I am definitely and absolutely against subsidies on principle except when they benefit something I favor, in which case I make a principled exception. And I have no well-formed opinion on ag subsidies except that they bring together a fascinating combination of defense interests ("sustainability" with guns) and rural traditionalism ("cultural preservation" for the right).
But what is most striking about the post is this:
It is not particularly about Samizdata's own intelligent (but probably) fairly predictable opinion on ag sub.
It is about a new weblog established by the Guardian a British paper of leftish perspective.
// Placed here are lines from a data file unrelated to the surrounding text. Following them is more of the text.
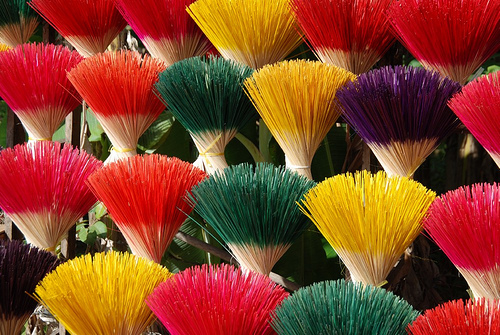 Incense stick production in Hue, Vietnam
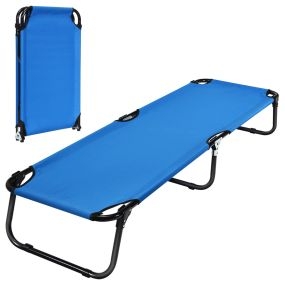 Cama de camping plegable portátil de tela y metal azul 191 x 56 x 31 cm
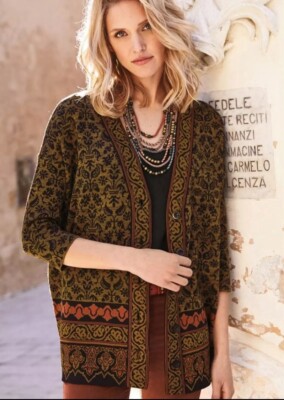 Peruvian Connection braune Strickjacke aus Pimabaumwolle mit botanischem Druck - Größe Medium M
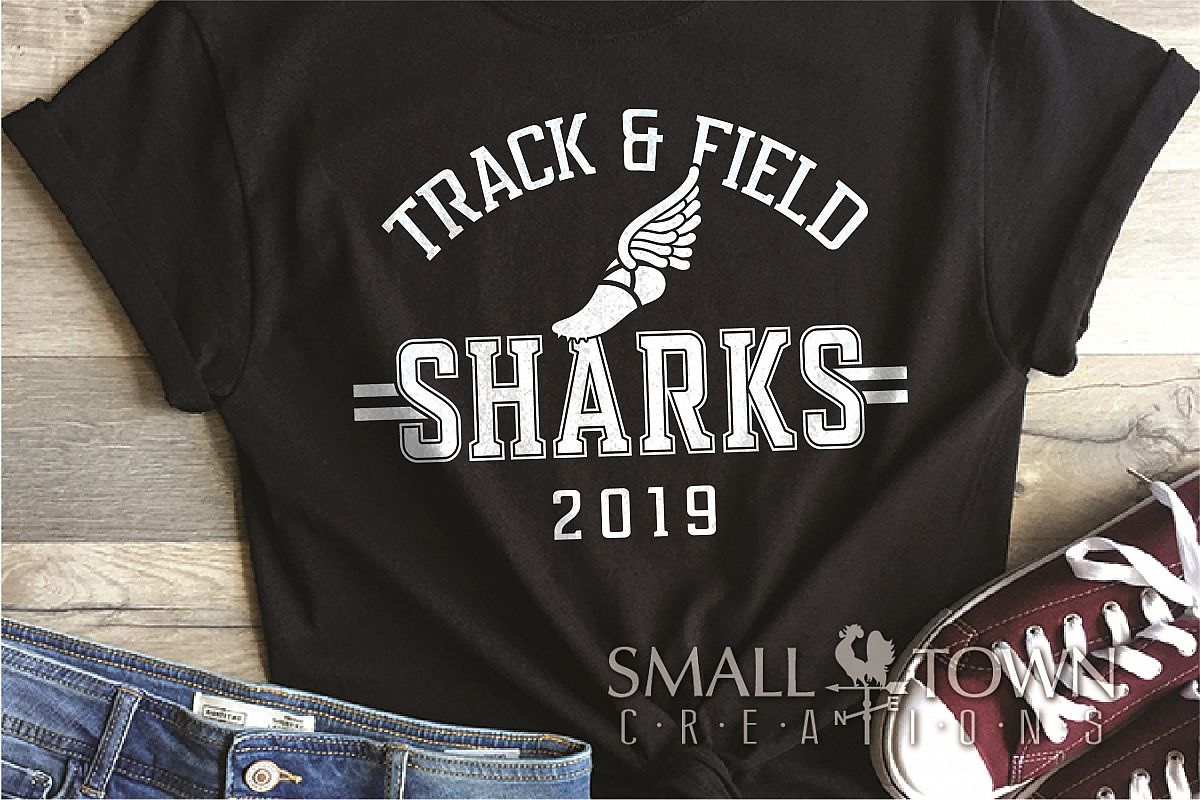 Sharks Track and Field, Shark mascot, PRINT, CUT, DESIGN example image 1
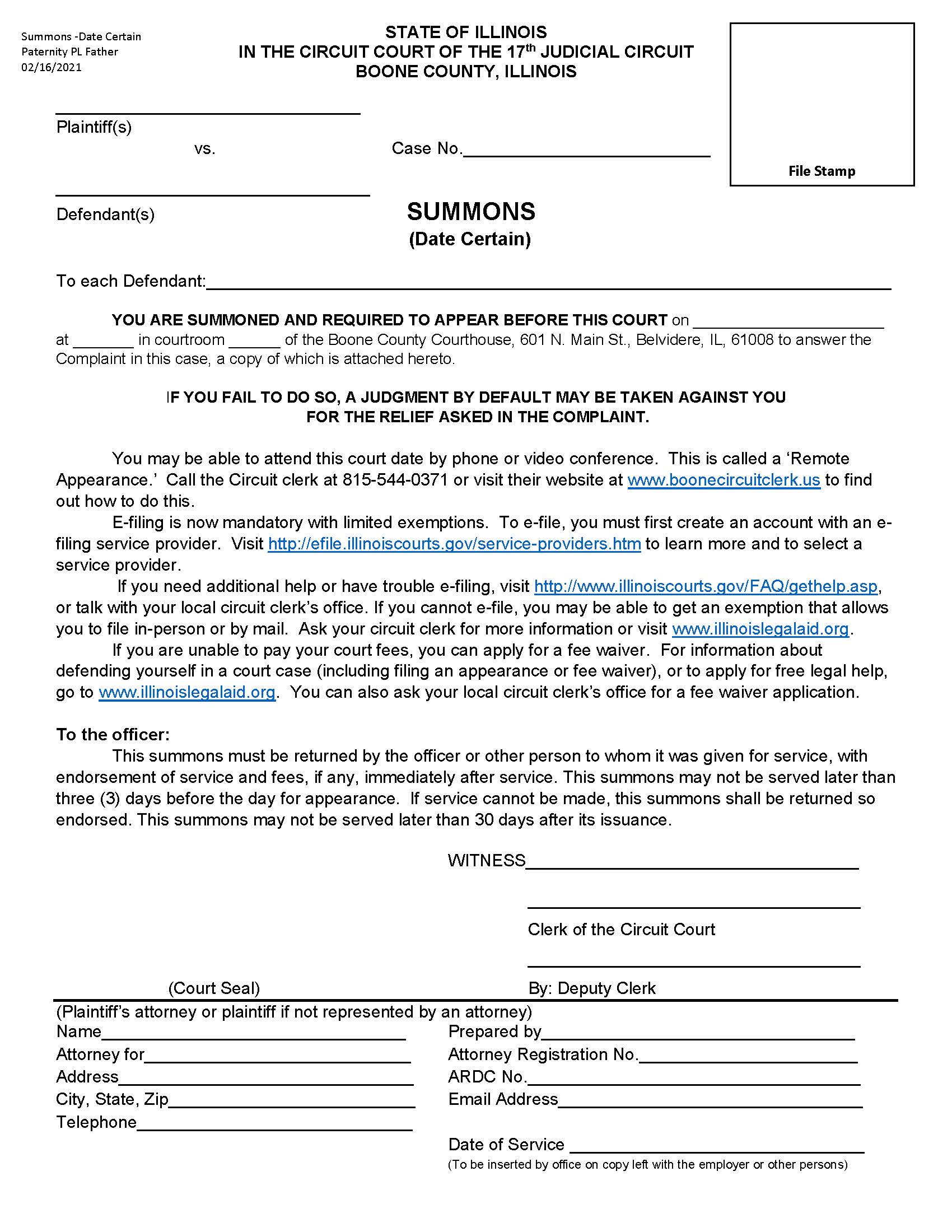 Summons (Date Certain) | Pdf Fpdf Docx | Illinois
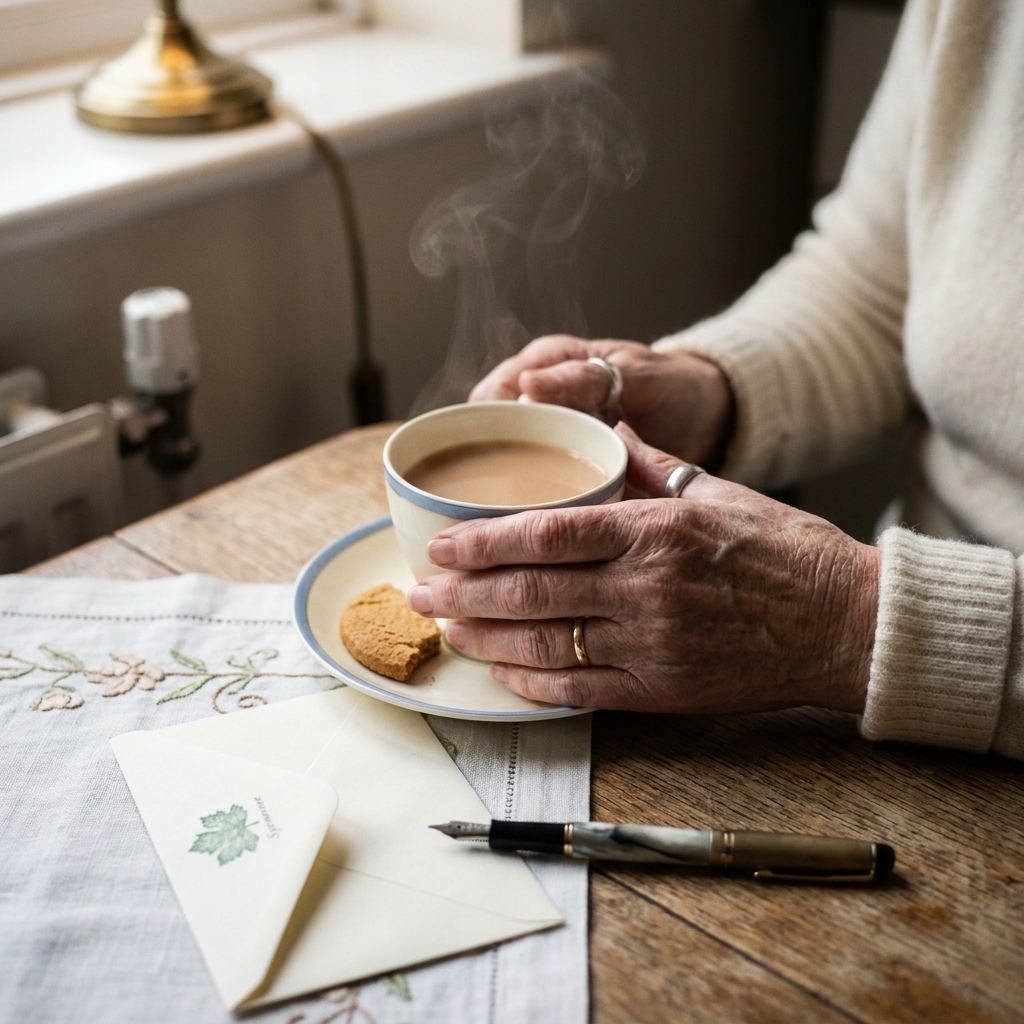Watercolour-style photograph of an older woman's hands holding a mug of tea on a wooden table.
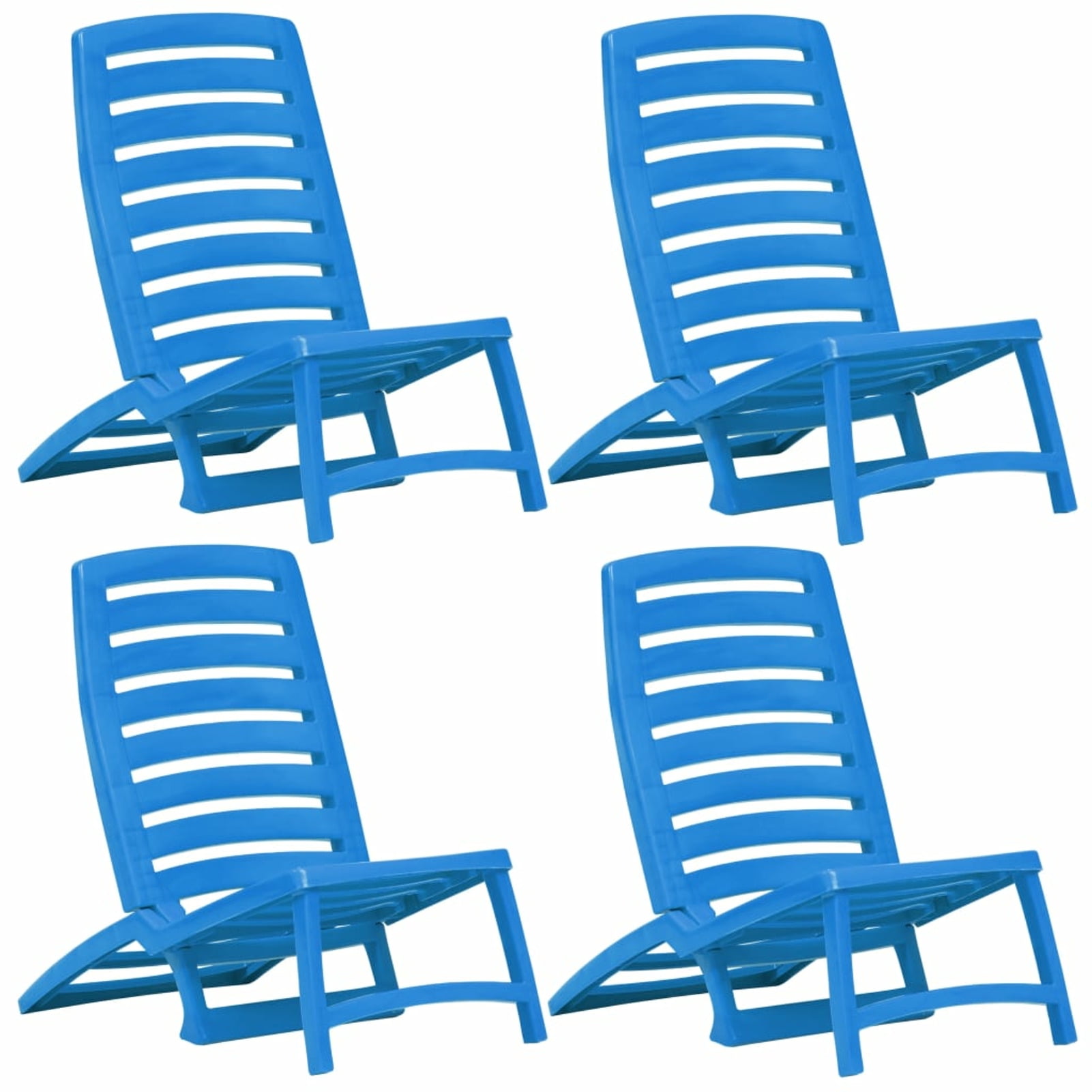 H.BETTER Folding Beach Chair 4 pcs Plastic Blue 16.5 x 22.8 x 25.2 Foldable Camping Chairs Outdoor Chairs Set for 4 Space Saving Patio Chaise Lounge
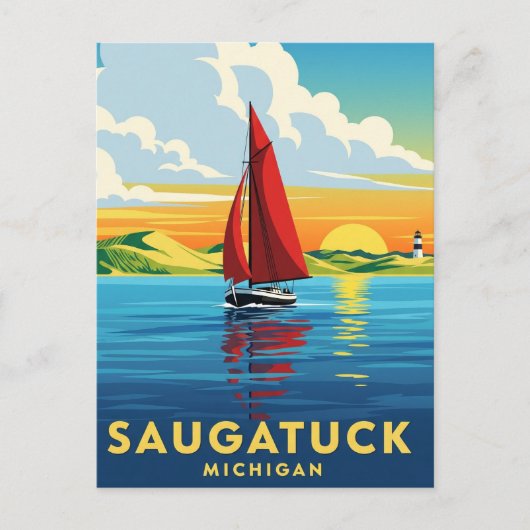 Saugatuck Sailboat Michigan Reizen Briefkaart (Voorkant)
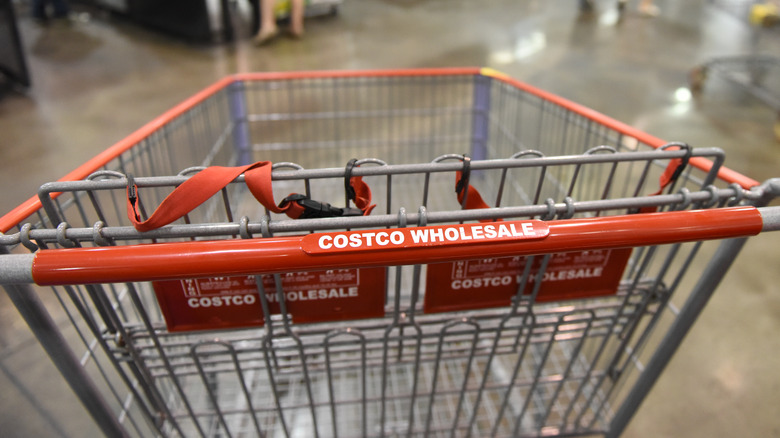 Closeup of a Costco shopping cart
A major left-wing paper has established a weblog (titled kickAAS) to favor a particular political policy. It's as if the Chronicle of San Francisco established a weblog to aid Ah-Nold. I'm not against it --- after all it's just taking one's editorial position and ratcheting up the energy-level --- but I am somewhat astonished (at the use of a Blog.)
UPDATE: Matthew Yglesias is somewhat dubious and leads to Daniel W. Drezner's take on The blogosphere and the Guardian
Just as interesting as the battle to end agricultultural subsidies is the fact that the Guardian, in setting up the site, thinks that the blogosphere can affect political change. I've expressed my doubts on this score in the past, but I also hope I'm wrong in this case.